Online Centralized Non-parametric Change-point Detection via Graph-based Likelihood-ratio Estimation

Consider each node of a graph to be generating a data stream that is synchronized and observed at near real-time. At a change-point $\tau$, a change occurs at a subset of nodes $C$, which affects the probability distribution of their associated node streams. In this paper, we propose a novel kernel-based method to both detect $\tau$ and localize $C$, based on the direct estimation of the likelihood-ratio between the post-change and the pre-change distributions of the node streams. Our main working hypothesis is the smoothness of the likelihood-ratio estimates over the graph, i.e connected nodes are expected to have similar likelihood-ratios. The quality of the proposed method is demonstrated on extensive experiments on synthetic scenarios.

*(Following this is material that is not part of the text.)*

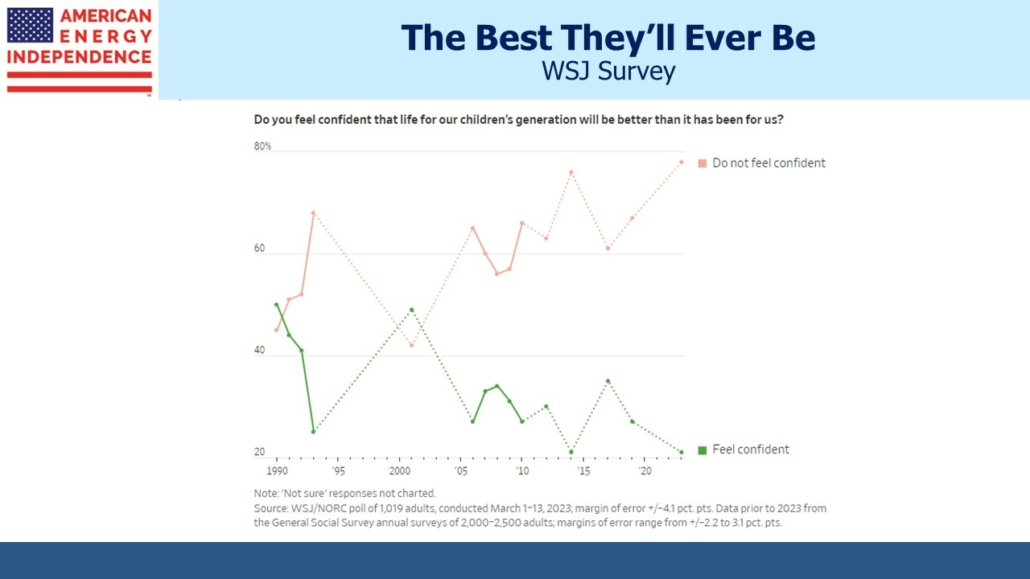 Blog Image April 16 2023 1 WSJ Survey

Collaborative likelihood-ratio estimation over graphs

Assuming we have i.i.d observations from two unknown probability density functions (pdfs), $p$ and $p'$, the likelihood-ratio estimation (LRE) is an elegant approach to compare the two pdfs just by relying on the available data, and without knowing the pdfs explicitly. In this paper we introduce a graph-based extension of this problem: Suppose each node $v$ of a fixed graph has access to observations coming from two unknown node-specific pdfs, $p_v$ and $p'_v$; the goal is then to compare the respective $p_v$ and $p'_v$ of each node by also integrating information provided by the graph structure. This setting is interesting when the graph conveys some sort of `similarity' between the node-wise estimation tasks, which suggests that the nodes can collaborate to solve more efficiently their individual tasks, while on the other hand trying to limit the data sharing among them. Our main contribution is a distributed non-parametric framework for graph-based LRE, called GRULSIF, that incorporates in a novel way elements from f-divengence functionals, Kernel methods, and Multitask Learning. Among the several applications of LRE, we choose the two-sample hypothesis testing to develop a proof of concept for our graph-based learning framework. Our experiments compare favorably the performance of our approach against state-of-the-art non-parametric statistical tests that apply at each node independently, and thus disregard the graph structure.

Online non-parametric change-point detection for heterogeneous data streams observed over graph nodes

Consider a heterogeneous data stream being generated by the nodes of a graph. The data stream is in essence composed by multiple streams, possibly of different nature that depends on each node. At a given moment $\tau$, a change-point occurs for a subset of nodes $C$, signifying the change in the probability distribution of their associated streams. In this paper we propose an online non-parametric method to infer $\tau$ based on the direct estimation of the likelihood-ratio between the post-change and the pre-change distribution associated with the data stream of each node. We propose a kernel-based method, under the hypothesis that connected nodes of the graph are expected to have similar likelihood-ratio estimates when there is no change-point. We demonstrate the quality of our method on synthetic experiments and real-world applications.

Offline detection of change-points in the mean for stationary graph signals

This paper addresses the problem of segmenting a stream of graph signals: we aim to detect changes in the mean of the multivariate signal defined over the nodes of a known graph. We propose an offline algorithm that relies on the concept of graph signal stationarity and allows the convenient translation of the problem from the original vertex domain to the spectral domain (Graph Fourier Transform), where it is much easier to solve. Although the obtained spectral representation is sparse in real applications, to the best of our knowledge this property has not been much exploited in the existing related literature. Our main contribution is a change-point detection algorithm that adopts a model selection perspective, which takes into account the sparsity of the spectral representation and determines automatically the number of change-points. Our detector comes with a proof of a non-asymptotic oracle inequality, numerical experiments demonstrate the validity of our method.